A quick and easy dinner like a stirfry is the working mom’s savior. I work five days a week and don’t usually get home until six o’clock in the evening. Some nights, when their homework isn’t too much, the girls would cook dinner or at least get it started for me. But most nights, especially on days when I have been more disorganized than usual, I may not even have a meat defrosted to cook. This is when it helps when you have smaller chunks of meat that can quickly defrost in the microwave.
This beef strifry is a weekday fare just because round roasts are so readily available and easily defrosted. I keep one or two roasts in the freezer for quick weekday stirfries. This is one of them.
The most important thing to remember with most stir fries is to have all your ingredients ready. There’s a fancy name to it like mis en place or something like that. Basically, it means get all your stuff ready before you start cooking 🙂
2 pounds lean Beef, sliced thin
1 Vidalia Onion, sliced
1 Banana Pepper and 1 Tabasco pepper, sliced
¼ cup Basil Leaves, chiffonade (sliced into thin strips)
4 Tablespoons Oil
Fried Garlic for garnish, optional
Juice from 1 Lemon
½ Tablespoon Garlic Powder
1 teaspoon Red Pepper Flakes
¼ cup Soy Sauce
Left over marinating liquid
1 Tablespoon Teriyaki Sauce
1 Tablespoon Oyster Sauce
1 Tablespoon Brown Sugar
Mix the beef with the marinade mixture and let it sit for 30 minutes while you prepare the other ingredients.

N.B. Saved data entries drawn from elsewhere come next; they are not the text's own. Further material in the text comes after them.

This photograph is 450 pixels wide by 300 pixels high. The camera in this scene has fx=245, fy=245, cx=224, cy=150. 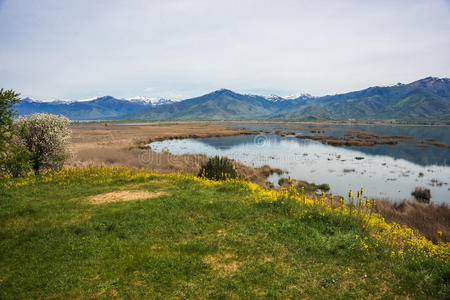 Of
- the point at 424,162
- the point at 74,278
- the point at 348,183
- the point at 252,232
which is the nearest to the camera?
the point at 74,278

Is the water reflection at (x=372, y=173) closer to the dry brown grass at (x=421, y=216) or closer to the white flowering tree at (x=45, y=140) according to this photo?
the dry brown grass at (x=421, y=216)

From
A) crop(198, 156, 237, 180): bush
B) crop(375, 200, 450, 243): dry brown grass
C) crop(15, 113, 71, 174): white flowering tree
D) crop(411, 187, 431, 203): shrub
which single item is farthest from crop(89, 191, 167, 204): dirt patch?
crop(411, 187, 431, 203): shrub

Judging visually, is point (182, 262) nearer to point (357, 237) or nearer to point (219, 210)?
point (219, 210)

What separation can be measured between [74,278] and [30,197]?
8.92 metres

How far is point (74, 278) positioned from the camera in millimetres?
6395

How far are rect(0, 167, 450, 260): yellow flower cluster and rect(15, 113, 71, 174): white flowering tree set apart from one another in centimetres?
118

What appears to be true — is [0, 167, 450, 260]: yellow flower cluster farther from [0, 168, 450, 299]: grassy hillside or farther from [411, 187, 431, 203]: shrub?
[411, 187, 431, 203]: shrub

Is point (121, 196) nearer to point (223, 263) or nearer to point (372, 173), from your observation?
point (223, 263)

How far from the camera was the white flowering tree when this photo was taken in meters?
17.8

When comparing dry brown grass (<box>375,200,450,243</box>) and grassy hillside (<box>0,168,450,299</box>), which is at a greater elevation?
grassy hillside (<box>0,168,450,299</box>)

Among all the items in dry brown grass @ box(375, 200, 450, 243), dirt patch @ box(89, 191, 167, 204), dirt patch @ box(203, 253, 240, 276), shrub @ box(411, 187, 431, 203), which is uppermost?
dirt patch @ box(89, 191, 167, 204)

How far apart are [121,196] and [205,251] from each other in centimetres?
770

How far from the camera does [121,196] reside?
1345 centimetres

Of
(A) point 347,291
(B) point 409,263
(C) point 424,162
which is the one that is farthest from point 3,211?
(C) point 424,162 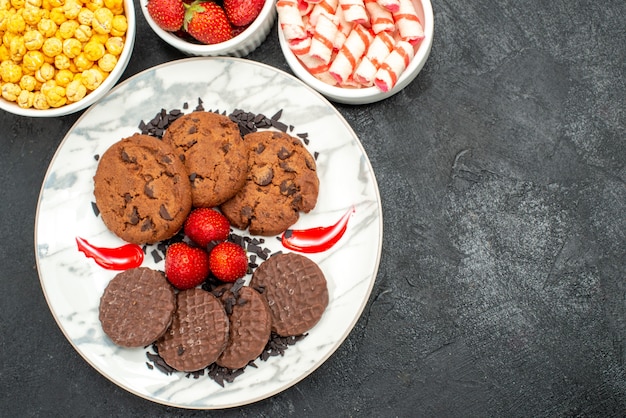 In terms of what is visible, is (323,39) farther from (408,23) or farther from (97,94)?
(97,94)

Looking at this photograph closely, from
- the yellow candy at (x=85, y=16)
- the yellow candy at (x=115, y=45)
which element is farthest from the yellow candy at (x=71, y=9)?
the yellow candy at (x=115, y=45)

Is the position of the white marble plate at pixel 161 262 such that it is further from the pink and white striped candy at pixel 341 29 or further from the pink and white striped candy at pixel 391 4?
the pink and white striped candy at pixel 391 4

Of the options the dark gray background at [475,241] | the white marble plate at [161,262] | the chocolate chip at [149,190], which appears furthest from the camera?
the dark gray background at [475,241]

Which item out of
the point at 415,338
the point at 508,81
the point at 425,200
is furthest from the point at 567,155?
the point at 415,338

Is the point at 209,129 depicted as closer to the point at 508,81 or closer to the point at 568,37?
the point at 508,81

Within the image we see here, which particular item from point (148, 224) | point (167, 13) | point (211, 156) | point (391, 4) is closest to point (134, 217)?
point (148, 224)

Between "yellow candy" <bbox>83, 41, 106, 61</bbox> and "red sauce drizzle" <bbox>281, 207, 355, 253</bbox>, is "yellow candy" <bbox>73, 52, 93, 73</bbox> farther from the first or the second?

In a wok, heat two tablespoons of oil until smoking and sear the beef in batches. I seared one fourth of the beef mixture at a time then set it aside in a separate plate. Cover to keep warm while searing the remainder of the beef. Add another couple of tablespoons of oil if needed.
Add the marinating liquid and the rest of the cooking sauce into the pan and let it come to a boil. Add the meat back in the wok and let it simmer until almost all the juices have evaporated. Add the onions and peppers and stir fry until all the juices have almost dried up and the onions are slightly softened. Stir in the basil just before taking it off the heat. Garnish with fried garlic and serve.